Around Peterson's log-style home and hundreds of others in this rustic
gateway to Rocky Mountain National Park, the land is dotted with the
squat reminders of thousands of trees lost to a massive pine beetle
infestation.
"It's unbelievable. You can almost hear them eating," says Peterson, who
has cut more than 250 lodgepoles on his 5-acre property in a mostly
futile attempt to keep the bugs at bay.
"We're fighting a big battle, but we're losing," the 65-year-old retiree
laments. "I think every mature tree around is going to die, and it
really hurts, because we're not going to see any of these big guys again
in our lifetime."
The scourge, more wide-ranging than similar epidemics in Colorado in the
1970s and '80s, has killed millions of 100-year- old trees in the
northern part of the state, turning whole mountainsides into
jaw-dropping expanses of orange or maroon.
"My wife said if you didn't know what it was, you'd think it was
actually kind of pretty - until you realized they're all dead," says
Dave Batura, a retired state patrolman and longtime Grand County resident.

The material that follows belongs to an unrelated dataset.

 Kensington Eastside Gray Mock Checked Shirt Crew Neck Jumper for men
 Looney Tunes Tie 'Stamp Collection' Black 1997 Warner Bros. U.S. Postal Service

Besides creating a blight that could keep tourists and recreationists
away, the enormous stands of dead and dying timber raise the specter of
wildfires, whichcould wipe out homes and businesses and cause erosion
threatening the watersheds supplying much of Denver's drinking water.
"If we don't do something, it will burn, and in the Williams Fork
drainage, that could be catastrophic," says Granby landowner Charles
Henry, referring to a hard-hit area west of Byers Peak.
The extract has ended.